Joining is accomplished by one thread waiting for the termination of another thread. The waiting thread calls pthread_join():

#include <pthread.h>

pthread_join (pthread_t thread, void **value_ptr);

To use pthread_join(), you pass it the thread ID of the thread that you wish to join, and an optional value_ptr, which can be used to store the termination return value from the joined thread. (You can pass in a NULL if you aren't interested in this value—we're not, in this case.)
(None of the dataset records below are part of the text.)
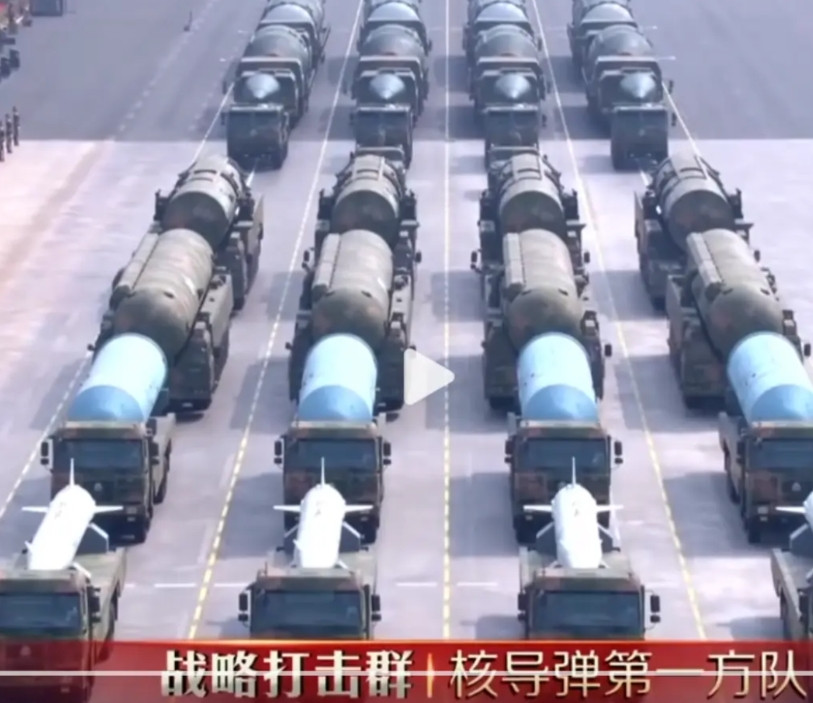 【从D41到D61！或许中国战略武器有变化】从今天的武器展示看，按照当下的力量
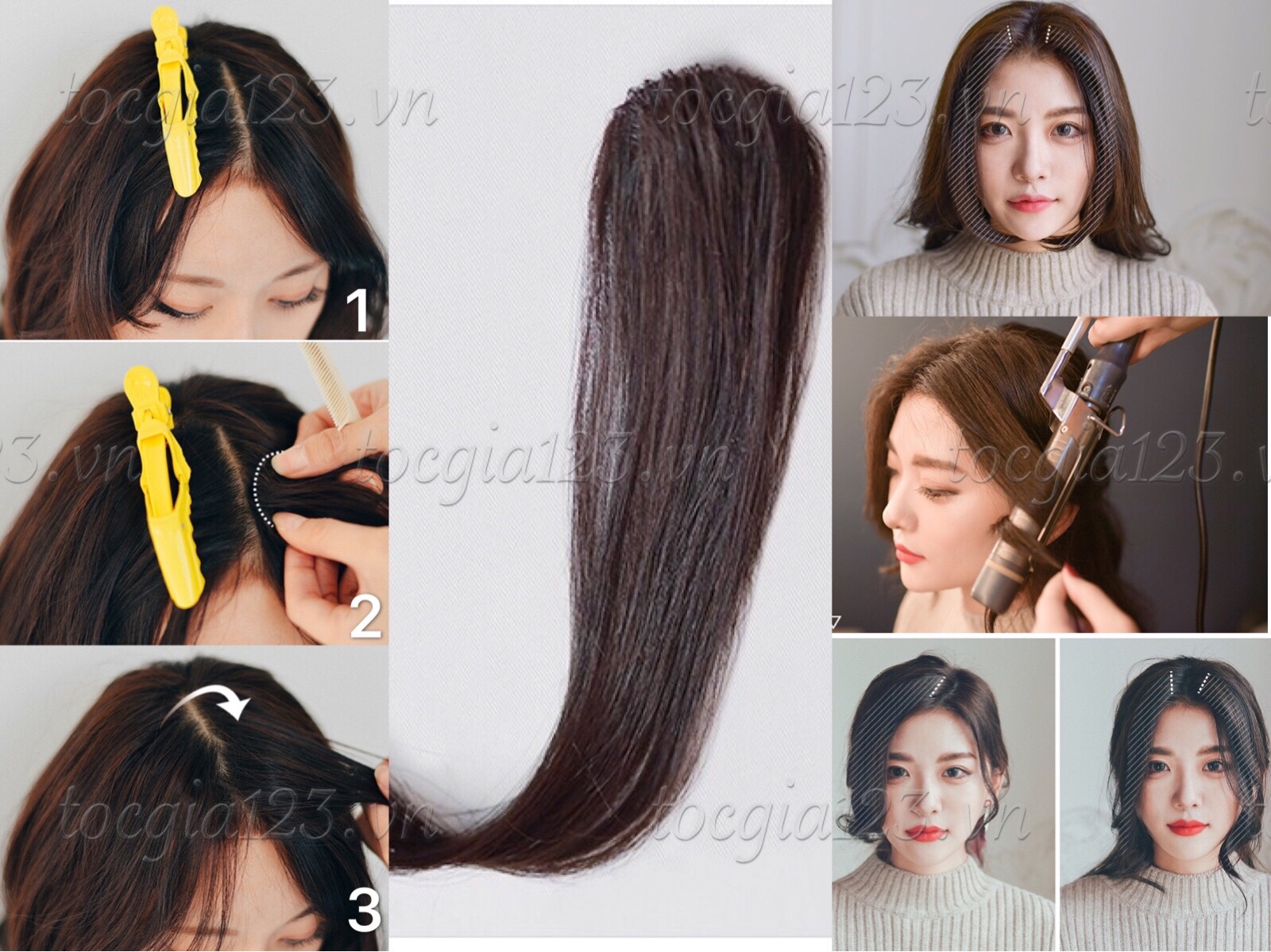 Hướng dẫn sử dụng tóc mái kẹp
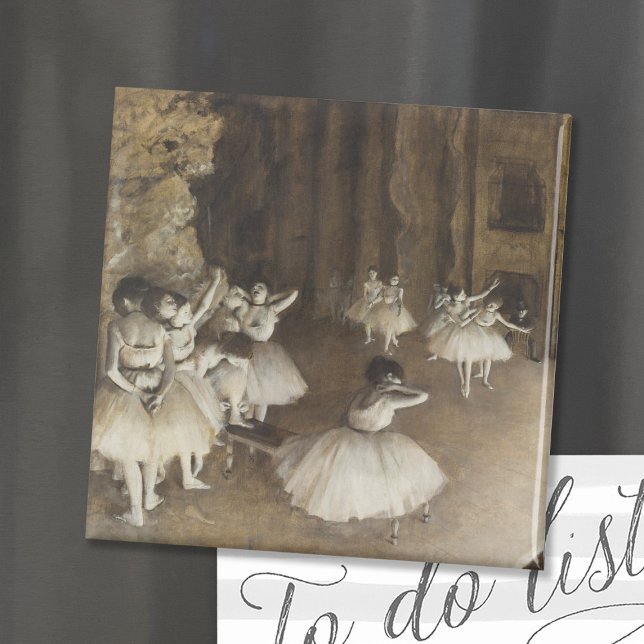 Imán Ensayo de ballet sobre el escenario | Edgar Degas (Subido por el creador)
Where did the thread ID came from? We ignored it in the pthread_create()—we passed in a NULL for the first parameter. Let's now correct our code:

int num_lines_per_cpu, num_cpus;

int main (int argc, char **argv)
    int cpu;
    pthread_t *thread_ids;

    ...    // perform initializations
    thread_ids = malloc (sizeof (pthread_t) * num_cpus);

    num_lines_per_cpu = num_x_lines / num_cpus;
    for (cpu = 0; cpu < num_cpus; cpu++) {
        pthread_create (&thread_ids [cpu], NULL,
                        do_one_batch, (void *) cpu);

    // synchronize to termination of all threads
    for (cpu = 0; cpu < num_cpus; cpu++) {
        pthread_join (thread_ids [cpu], NULL);

    ...    // display results

You'll notice that this time we passed the first argument to pthread_create() as a pointer to a pthread_t. This is where the thread ID of the newly created thread gets stored. After the first for loop finishes, we have num_cpus threads running, plus the thread that's running main(). We're not too concerned about the main() thread consuming all our CPU; it's going to spend its time waiting.

The waiting is accomplished by doing a pthread_join() to each of our threads in turn. First, we wait for thread_ids [0] to finish. When it completes, the pthread_join() will unblock. The next iteration of the for loop will cause us to wait for thread_ids [1] to finish, and so on, for all num_cpus threads.
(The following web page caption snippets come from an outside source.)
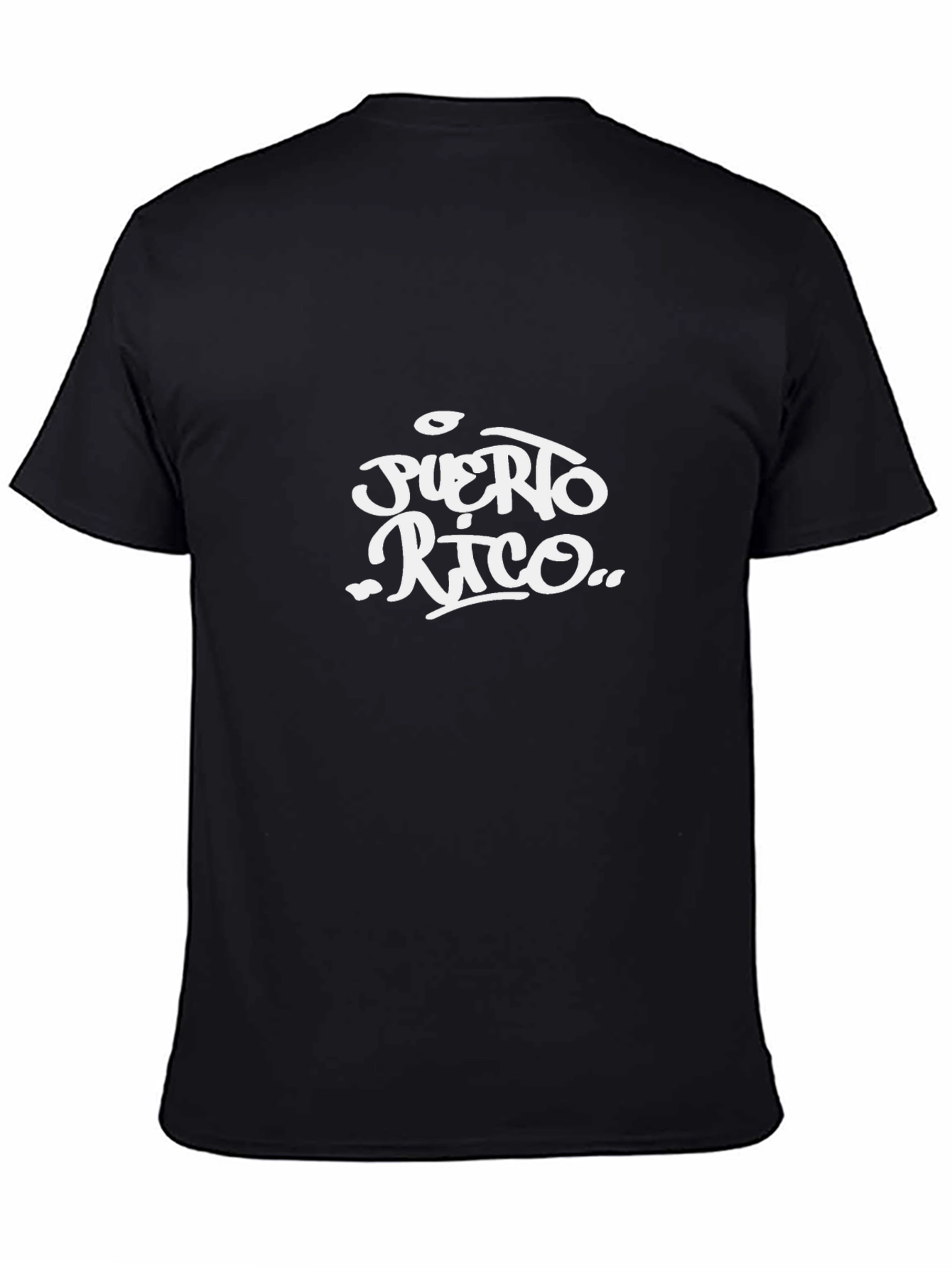 Puerto Rico Graphic Tee - Black Cotton Shirt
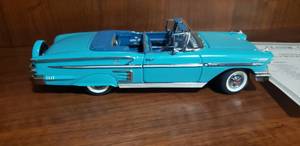 lot 71 image: 1958 Chevrolet Impala Convertible Danbury Mint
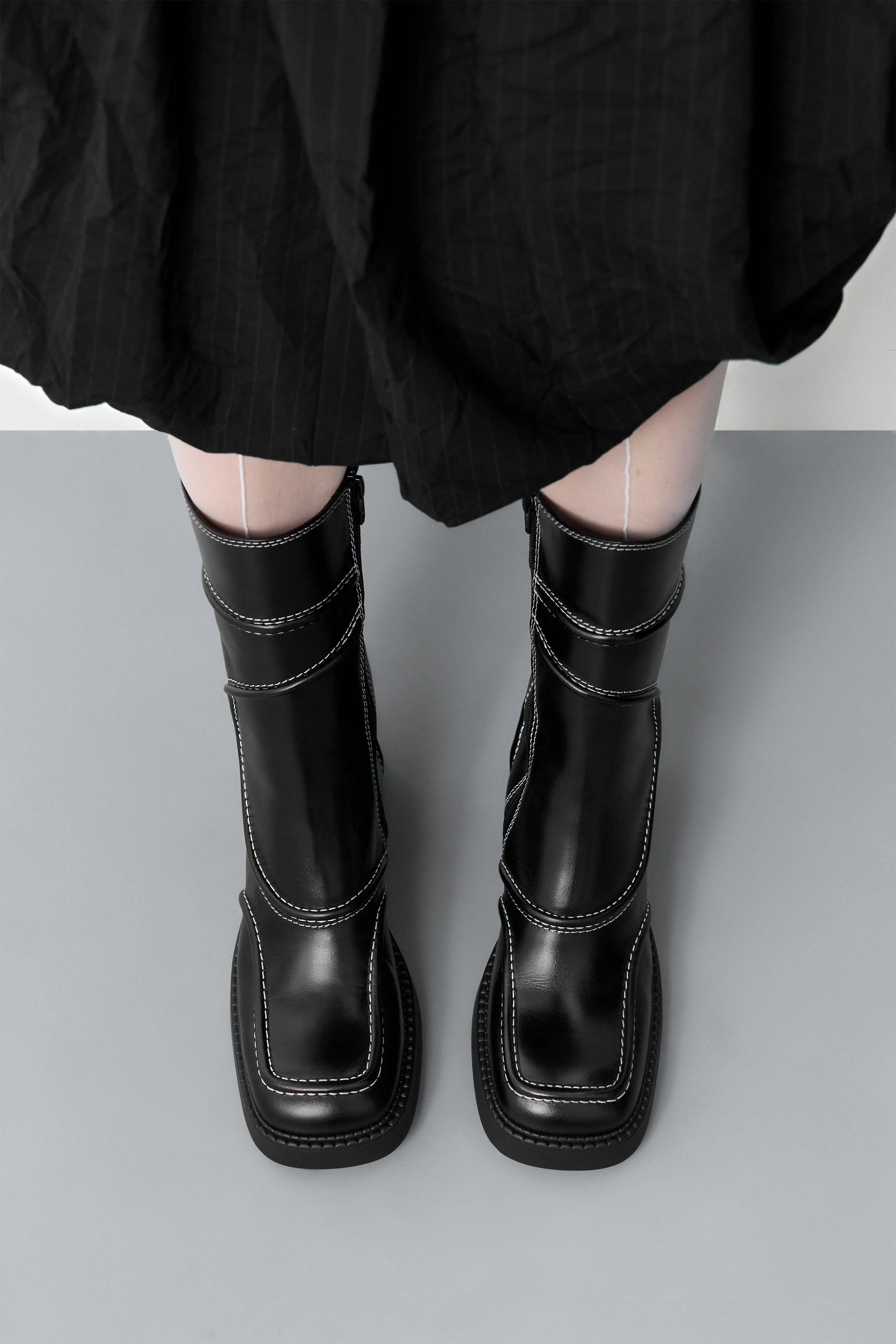 Malene Black Boots | Miista | Designed & Handmade in Europe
A common question that arises at this point is, “What if the threads finish in the reverse order?” In other words, what if there are 4 CPUs, and, for whatever reason, the thread running on the last CPU (CPU 3) finishes first, and then the thread running on CPU 2 finishes next, and so on? Well, the beauty of this scheme is that nothing bad happens.
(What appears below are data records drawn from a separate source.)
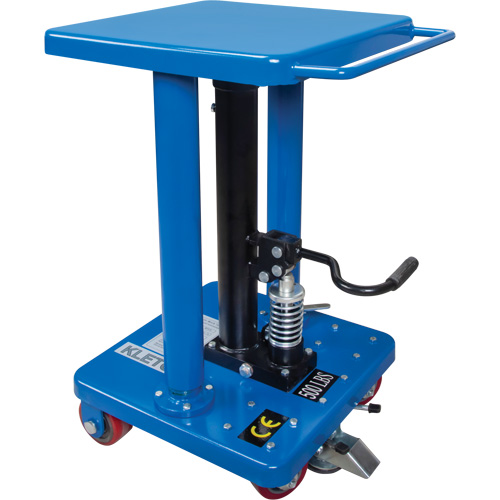 Hydraulic Work Table, 18" L x 18" W, Steel, 500 lbs. Capacity Advanced Consulting and Training Ltd.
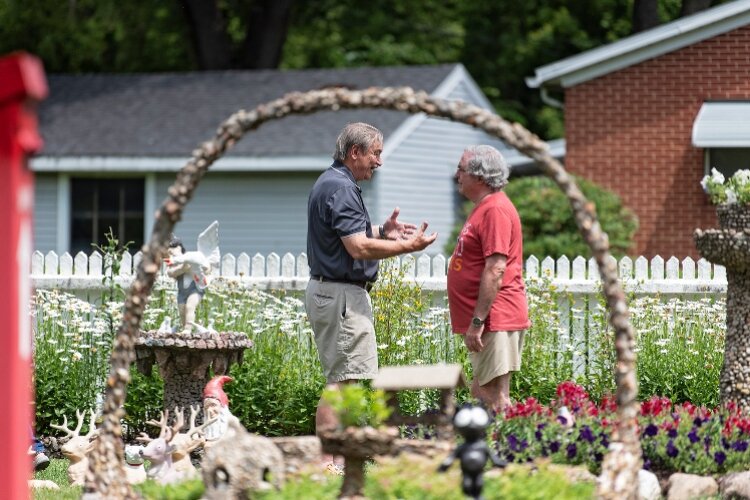 Hartman Rock Garden during South Side in Bloom 2023.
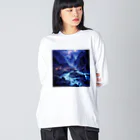 AQUAMETAVERSEの夜景　なでしこ1478 Big Long Sleeve T-Shirt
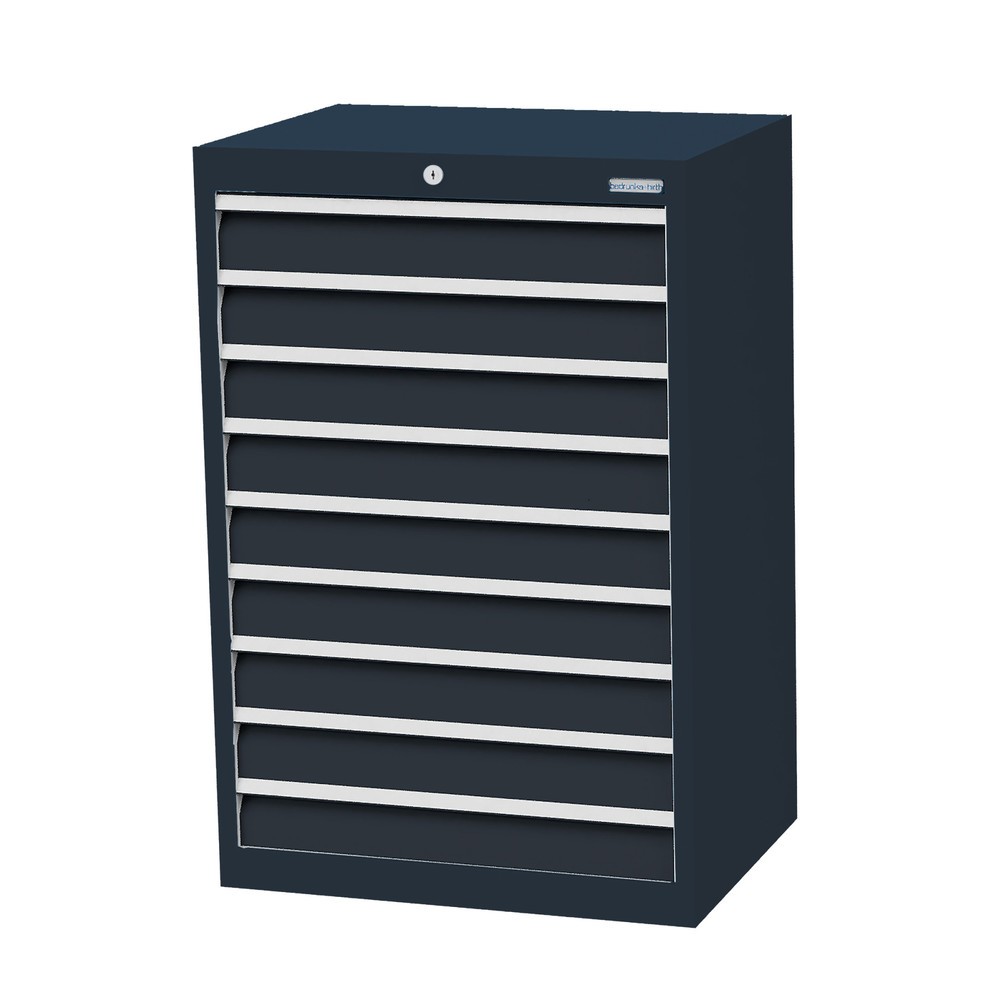 Illustration du produit: Armoire à tiroirs Profi, tiroirs de 9 x 100 mm, H x l x P 1 019 x 680 x 500 mm Bedrunka+Hirth, gris anthracite, gris anthracite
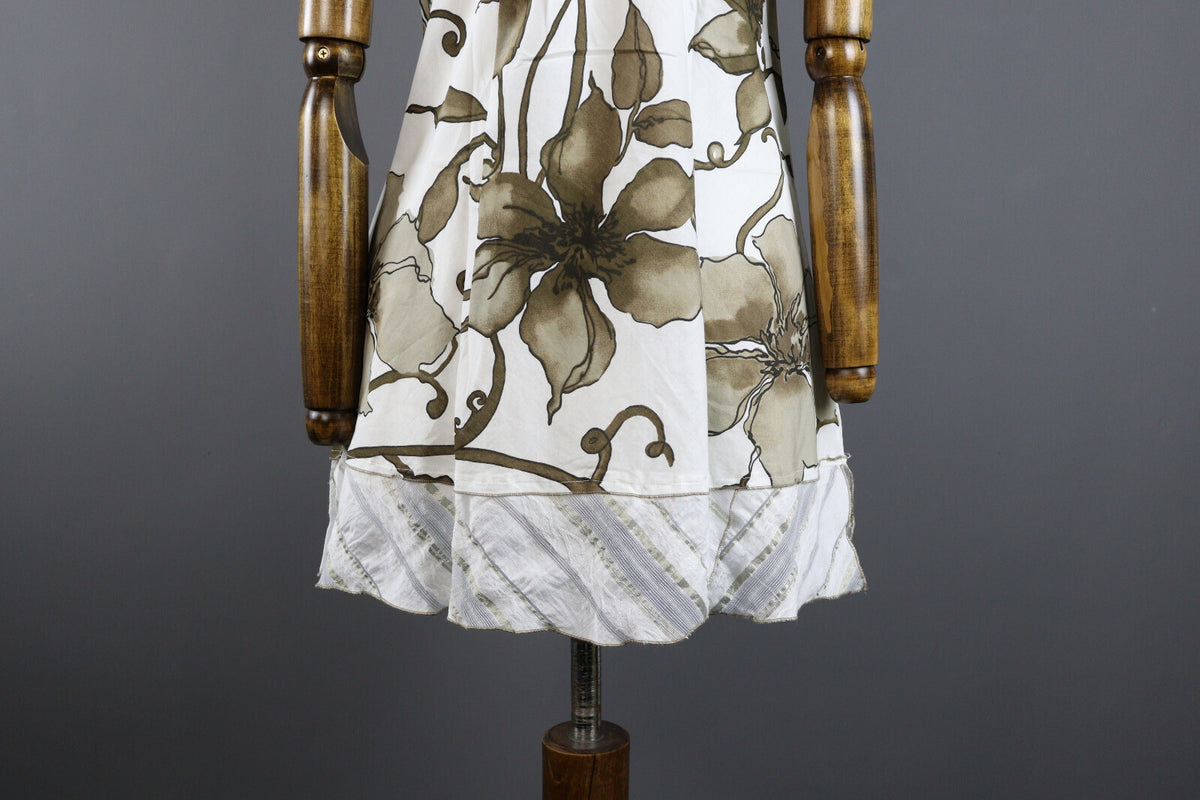 Elisa Cavaletti Floral Summer Beach Sundress Cocktail Party Dress – Size 42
The first thing that's going to happen is that the pthread_join() will block on thread_ids [0]. Meanwhile, thread_ids [3] finishes. This has absolutely no impact on the main() thread, which is still waiting for the first thread to finish. Then thread_ids [2] finishes. Still no impact. And so on, until finally thread_ids [0] finishes, at which point, the pthread_join() unblocks, and we immediately proceed to the next iteration of the for loop. The second iteration of the for loop executes a pthread_join() on thread_ids [1], which will not block—it returns immediately. Why? Because the thread identified by thread_ids [1] is already finished. Therefore, our for loop will “whip” through the other threads, and then exit. At that point, we know that we've synched up with all the computational threads, so we can now display the results.